January in Uummannaq is dark. There is a period of about ninety minutes, growing longer each day, in which the sky is twilit. It can be a deep blue if there are no clouds, and the moon burns in place of the sun, only cool, without heat, no warmth for the grieving mothers and fathers, brothers and sisters, or even the lonely police constable stepping out of the light and into the shadows, searching for clues, and the scratch marks of non-existent raven claws.
Iilikka said the demon clucked and cawed like a baby raven.
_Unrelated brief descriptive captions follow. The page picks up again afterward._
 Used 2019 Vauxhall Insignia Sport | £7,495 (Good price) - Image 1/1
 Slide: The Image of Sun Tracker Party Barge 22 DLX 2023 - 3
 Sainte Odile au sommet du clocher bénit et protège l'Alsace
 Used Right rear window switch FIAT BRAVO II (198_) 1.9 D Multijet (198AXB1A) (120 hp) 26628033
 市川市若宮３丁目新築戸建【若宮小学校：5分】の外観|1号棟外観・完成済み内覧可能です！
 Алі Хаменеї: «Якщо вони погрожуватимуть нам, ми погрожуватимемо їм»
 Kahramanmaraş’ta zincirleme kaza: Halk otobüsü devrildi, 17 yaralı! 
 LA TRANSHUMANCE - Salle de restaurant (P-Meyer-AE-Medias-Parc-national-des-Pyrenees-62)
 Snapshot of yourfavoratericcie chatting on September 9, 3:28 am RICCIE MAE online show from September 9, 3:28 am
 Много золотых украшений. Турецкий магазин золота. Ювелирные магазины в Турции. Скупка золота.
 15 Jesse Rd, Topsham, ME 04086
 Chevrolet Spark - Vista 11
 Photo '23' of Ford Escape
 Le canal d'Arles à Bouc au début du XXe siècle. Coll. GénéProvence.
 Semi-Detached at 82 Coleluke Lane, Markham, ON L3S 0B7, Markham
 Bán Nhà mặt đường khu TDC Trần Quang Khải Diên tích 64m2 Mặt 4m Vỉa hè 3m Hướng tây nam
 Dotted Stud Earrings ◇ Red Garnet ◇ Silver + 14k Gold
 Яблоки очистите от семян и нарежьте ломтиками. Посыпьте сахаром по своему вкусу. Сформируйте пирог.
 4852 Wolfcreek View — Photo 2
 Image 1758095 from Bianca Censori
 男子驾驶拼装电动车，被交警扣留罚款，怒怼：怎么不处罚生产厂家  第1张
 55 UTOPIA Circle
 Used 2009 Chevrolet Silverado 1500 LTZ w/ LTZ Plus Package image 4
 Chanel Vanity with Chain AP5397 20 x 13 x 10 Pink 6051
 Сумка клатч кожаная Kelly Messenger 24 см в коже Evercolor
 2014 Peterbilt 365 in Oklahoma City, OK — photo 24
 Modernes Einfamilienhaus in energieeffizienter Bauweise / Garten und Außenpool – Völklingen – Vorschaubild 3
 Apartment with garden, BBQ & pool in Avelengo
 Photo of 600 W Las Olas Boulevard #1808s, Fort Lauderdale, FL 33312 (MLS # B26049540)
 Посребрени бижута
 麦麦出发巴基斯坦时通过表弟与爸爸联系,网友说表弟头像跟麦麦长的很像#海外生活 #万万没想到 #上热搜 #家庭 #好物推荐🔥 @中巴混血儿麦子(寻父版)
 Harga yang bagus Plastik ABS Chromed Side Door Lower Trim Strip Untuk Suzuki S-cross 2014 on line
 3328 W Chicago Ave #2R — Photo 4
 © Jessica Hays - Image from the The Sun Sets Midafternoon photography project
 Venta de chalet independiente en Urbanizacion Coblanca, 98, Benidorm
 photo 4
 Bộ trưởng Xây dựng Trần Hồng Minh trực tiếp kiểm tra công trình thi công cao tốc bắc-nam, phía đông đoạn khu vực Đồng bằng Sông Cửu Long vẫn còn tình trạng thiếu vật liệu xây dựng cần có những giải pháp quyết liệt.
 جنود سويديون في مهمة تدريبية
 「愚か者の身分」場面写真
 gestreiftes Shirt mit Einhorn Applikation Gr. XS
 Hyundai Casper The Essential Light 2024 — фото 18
Maratse lit a cigarette, cupping the match, puffing a small cloud of smoke above his head before crouching to inspect the snowy ground beneath his feet. The good thing about packed snow and clues in dry polar regions is that when a spilled substance is frozen, it remains frozen for the better part of six months, sometimes longer. Blood spilled in November, will still be there in April, and often into May. In the busy parts of the village, where the surface snow is ploughed by chains on tyres, or the thick grip of polar tread beneath heavy winter boots, the spore is obscured and spoiled. Even the studs slipped onto boot soles, leave wormholes in the ice – too many to follow an individual, but enough to create a pockmarked thoroughfare between the shops, in the light, avoiding the cooler shadows where the ice was slick and untouched.